Every few years the climate undergoes natural fluctuations, centred in the equatorial Pacific Ocean but with global consequences.
These El Niño–Southern Oscillation (ENSO) events involve changes in seawater temperatures and atmospheric pressures across the central and eastern tropical Pacific Ocean and result in warm El Niño phases and cold La Niña phases that each occur every few years and reach peak intensity in northern hemisphere winters.
Figure 1: Met Office ENSO forecasts for the coming period showing rapid increase in Pacific Ocean temperature anomalies and the possibility of a large El Nino event (>2 degrees) this year. The observed data (black) and multiple ENSO forecasts (red) are plotted relative to normal conditions in the region (averaged over 1991-2020)
The last three winters have seen a run of three consecutive La Niña events. This run of events, though unusual, has earlier precedents in the historical climate record, for example in 1999, 2000 and 2001 but this has now come to an end. Instead, our latest long-range forecasts suggest that the tropical Pacific is about to transition into El Niño – the warm phase of ENSO.
The figure shows our very latest forecasts for the sea surface temperature anomaly in the equatorial Pacific Ocean. The forecasts all indicate a sharp rise from the current neutral state to El Niño conditions (+0.5°C anomaly) by Summer this year. While there is still considerable uncertainty in the magnitude of the event, some of these latest forecasts also suggest that a large El Niño event is possible, with sea surface temperatures in some forecasts reaching more than 2 degrees above normal by the Autumn.
What does this mean for climate worldwide?
Both historical observations and our physics-based computer models show that El Niño brings increased risk of drought to South-East Asia, India, North-Eastern Australia and parts of the Amazon and southern Africa and increased risk of cold conditions to northern Europe in winter.

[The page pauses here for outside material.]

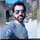 Praveen Singh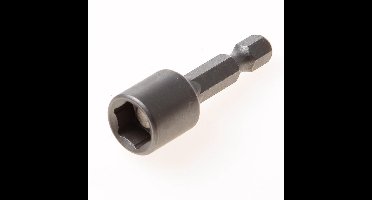 Magnetische dop 1/4 x 3/8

We will be looking carefully at these regions with our colleagues at other national meteorological services as El Niño develops and updated forecasts become available.
In addition to these regional impacts, ENSO also affects global temperatures and in the year following its northern hemisphere winter peak, El Niño tends to be followed by a rise in global average temperature. This is much smaller than the current level of global warming of around 1.2 degrees that we have now accrued due to climate change but it can make all the difference in terms of breaking new records.
Professor Adam Scaife, Head of Long-Range Forecasting at the Met Office said, “The current record for global temperature occurred in 2016 and it’s no coincidence that followed the last big El Niño. If we get a big El Niño at the end of this year then, we’re likely to break the record for global temperature in 2024.”